## PROBLEM DESCRIPTION
Print the line containing "So I hope this" and all lines after it, unchanged, through the end of the data. Leave the pictures out.

## DATA EXCERPT
#####
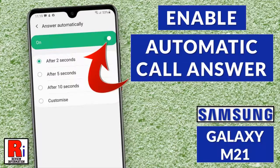Hello viewers and welcome to my channel Review Information. In this video I will show you how to enable automatic call answer on Samsung Galaxy M21 smartphone.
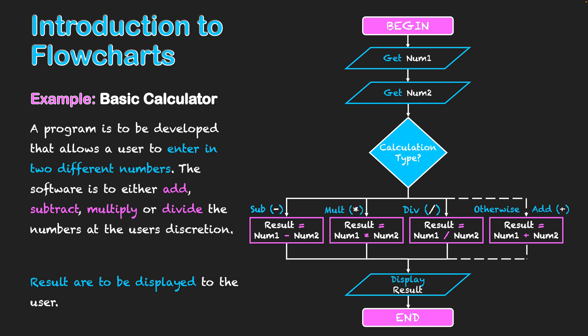So I hope this video has given you a good introduction into flowcharts and how they help visualize the logic of a program that I'm intending to develop. I can outline variables that I intend to use. Control structures can also be highlighted as well that I'll need to program when actually creating the program itself. And obviously it helps me understand and form the logic of the program before I begin coding it and creating the program itself.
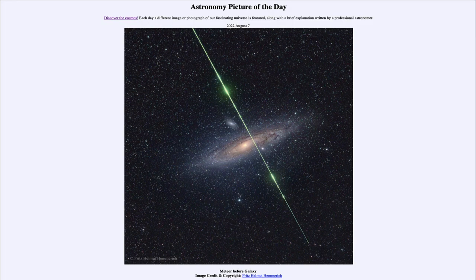Greetings and welcome to the Introduction to Astronomy. One of the things that I like to do in each of my introductory astronomy classes is to begin the class with the Astronomy Picture of the Day from the NASA website, that is apod.nasa.gov/apod.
#####
## EXERCISE SOLUTION
So I hope this video has given you a good introduction into flowcharts and how they help visualize the logic of a program that I'm intending to develop. I can outline variables that I intend to use. Control structures can also be highlighted as well that I'll need to program when actually creating the program itself. And obviously it helps me understand and form the logic of the program before I begin coding it and creating the program itself.
Greetings and welcome to the Introduction to Astronomy. One of the things that I like to do in each of my introductory astronomy classes is to begin the class with the Astronomy Picture of the Day from the NASA website, that is apod.nasa.gov/apod.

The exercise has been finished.